[Records from a collection]
---*---

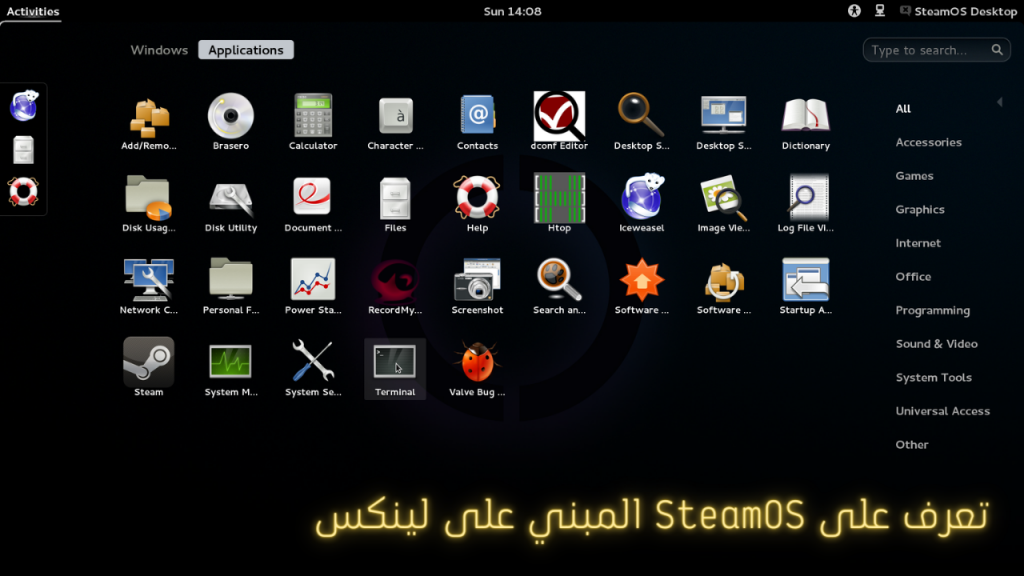 تعرف على SteamOS المبني على لينكس 1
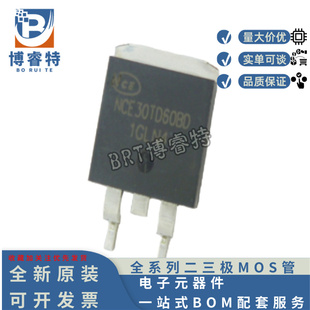 原装正品 NCE30TD60BD TO-263 NCE新洁能IGBT管 30A 600V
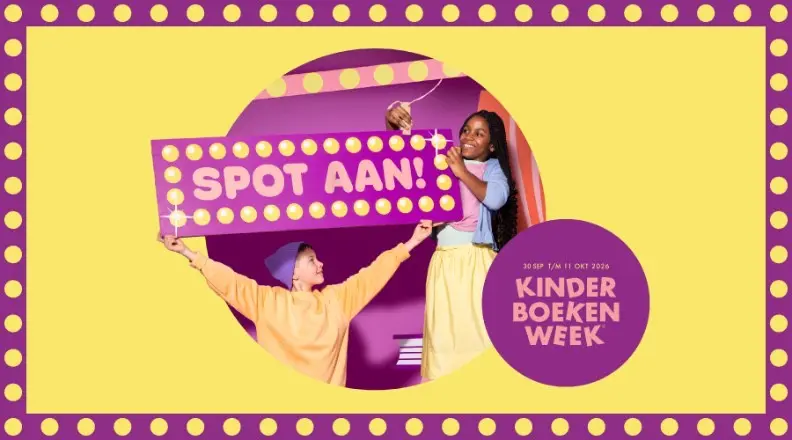 20260930 KBW (1)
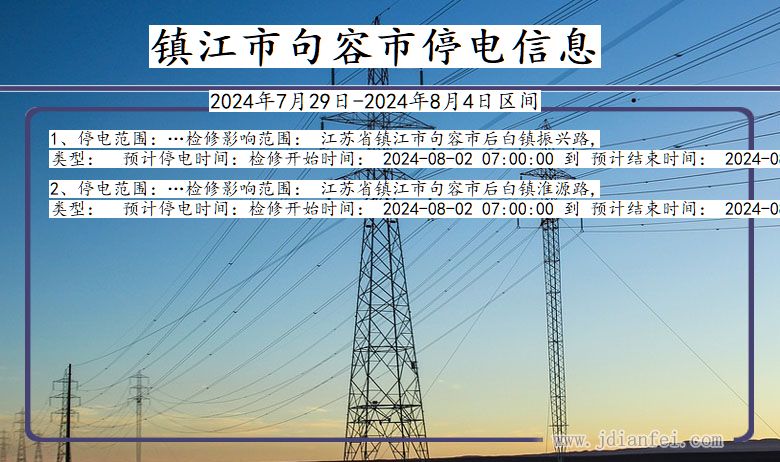 江苏省镇江句容停电通知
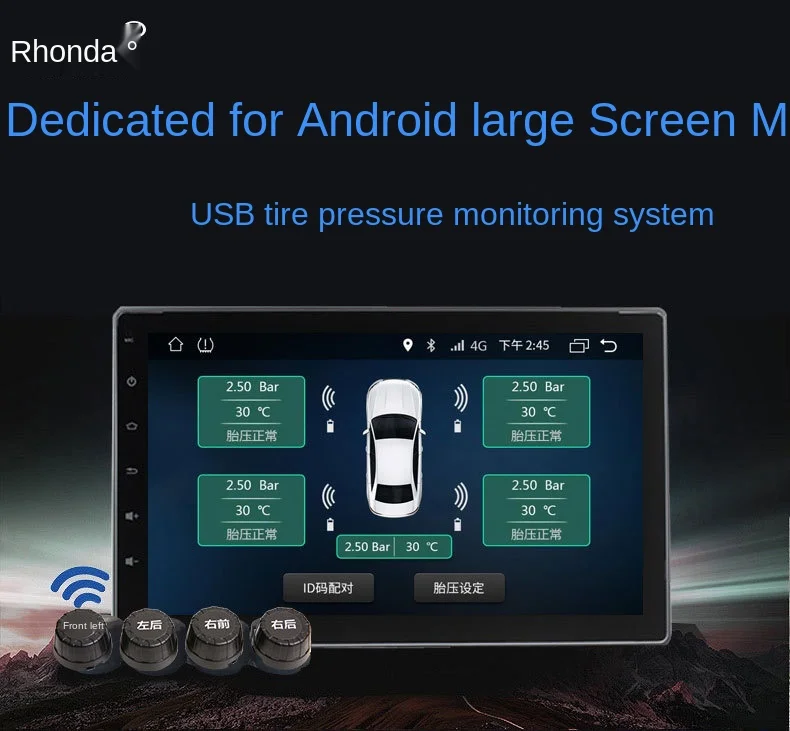 

Android Large Screen Navigation Tire Pressure Monitor Built-in External Universal USB Wireless Detection Dedicated Monitoring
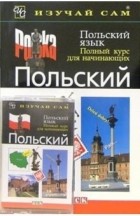 Готтери Нигель - Польский язык. Полный курс для начинающих 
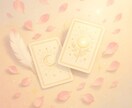 恋愛物語オラクル 〜ふたりの未来を読み解きます 恋のゆくえをカードが語る、少しだけ先の未来 イメージ6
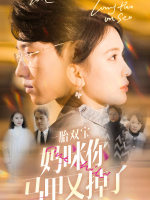 一胎双宝:妈咪你马甲又掉了封面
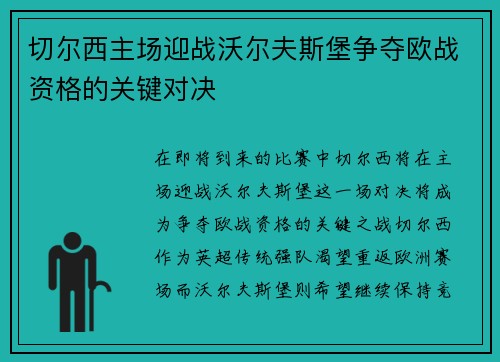 切尔西主场迎战沃尔夫斯堡争夺欧战资格的关键对决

---*---

* **WHAT TO WORK ON**: Only the lines from the one containing "原装正品 NCE30TD60BD TO-263 NCE新洁能IGBT管 30A 600V" through the last line of the records above should be repeated, exactly and without pictures.

* **REPLY TO THE EXERCISE**:
 原装正品 NCE30TD60BD TO-263 NCE新洁能IGBT管 30A 600V
 20260930 KBW (1)
 江苏省镇江句容停电通知

Android Large Screen Navigation Tire Pressure Monitor Built-in External Universal USB Wireless Detection Dedicated Monitoring
 Готтери Нигель - Польский язык. Полный курс для начинающих 
 恋愛物語オラクル 〜ふたりの未来を読み解きます 恋のゆくえをカードが語る、少しだけ先の未来 イメージ6
 一胎双宝:妈咪你马甲又掉了封面
 切尔西主场迎战沃尔夫斯堡争夺欧战资格的关键对决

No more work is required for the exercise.